## [Work instructions]
Begin at the line where "Туры в отель Asara Wine Estate & Hotel" appears and reproduce exactly every line through the end of the data below, both included, skipping pictures.

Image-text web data
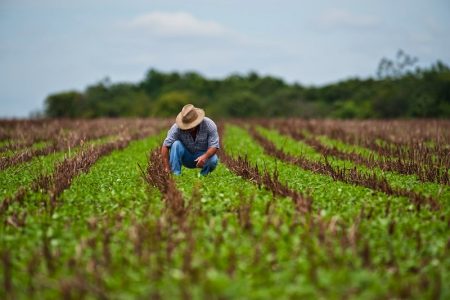 La CDMX es territorio agrícola que cultiva maíz, amaranto, nopal y maguey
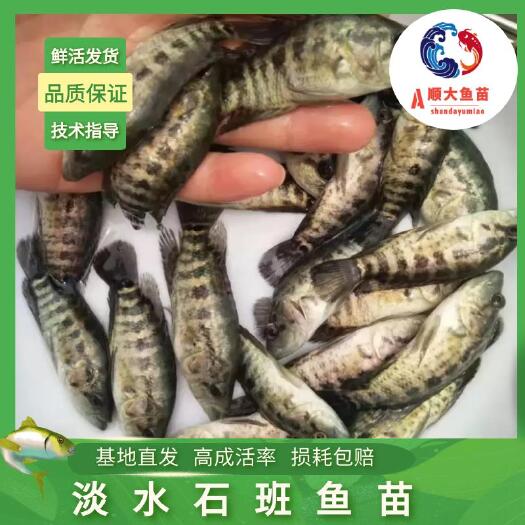 博罗县淡水石斑鱼苗  淡水石斑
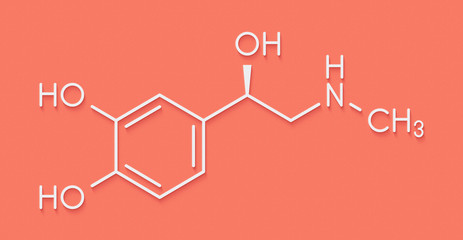 Adrenaline (adrenalin, epinephrine) neurotransmitter molecule. Used as drug in treatment of anaphylaxis Skeletal formula. © molekuul.be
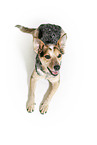 lying Australian Cattle Dog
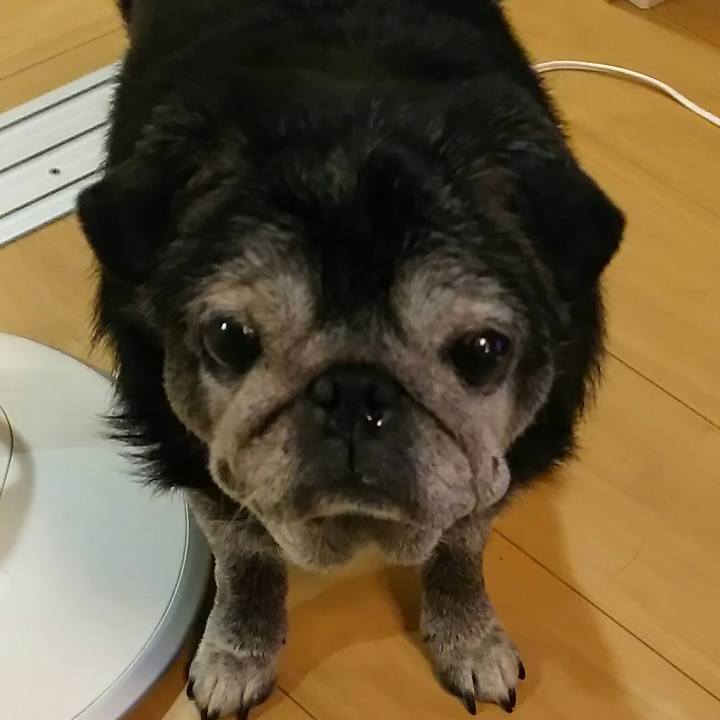 D7bbd175 9091 48c9 accb cf05efcc8436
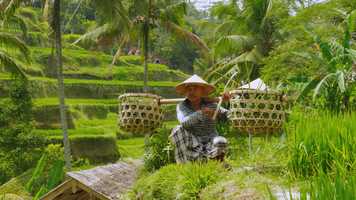 Free download Bali - 2019 video and edit with RedcoolMedia movie maker MovieStudio video editor online and AudioStudio audio editor onlin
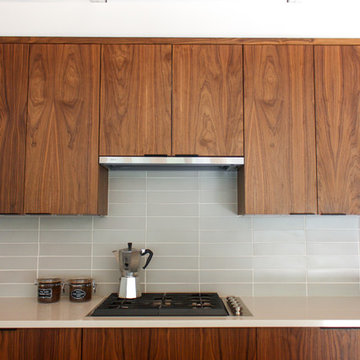 Mid-Century Modern Interior Renovation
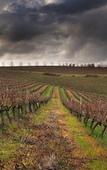 Туры в отель Asara Wine Estate & Hotel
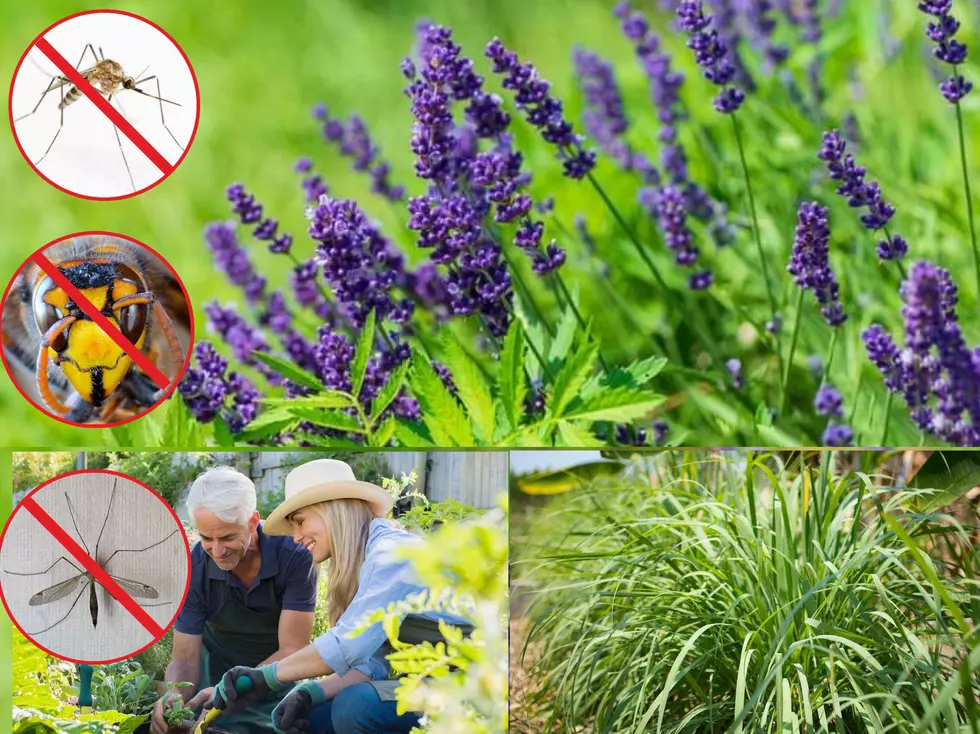 Do Plants Really Keep The Bugs Away In The Summer?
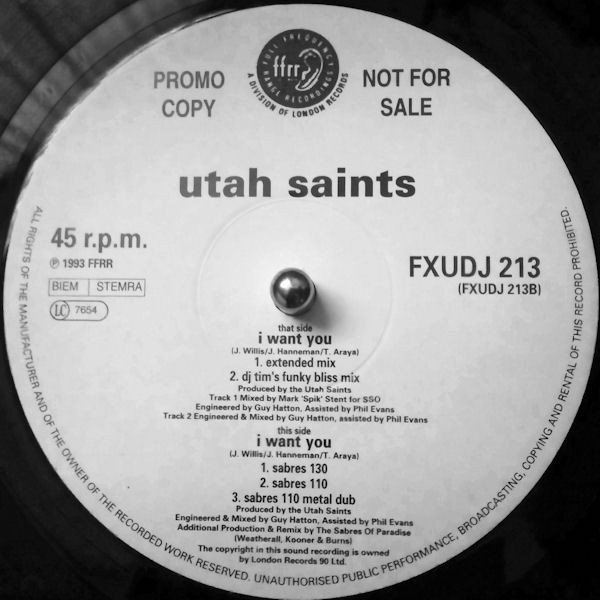 ladda ner album Utah Saints - I Want You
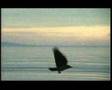 Super 8  film test  Ektachrome 64T Canon 814 az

## [Answer for this exercise]
 Туры в отель Asara Wine Estate & Hotel
 Do Plants Really Keep The Bugs Away In The Summer?
 ladda ner album Utah Saints - I Want You
 Super 8  film test  Ektachrome 64T Canon 814 az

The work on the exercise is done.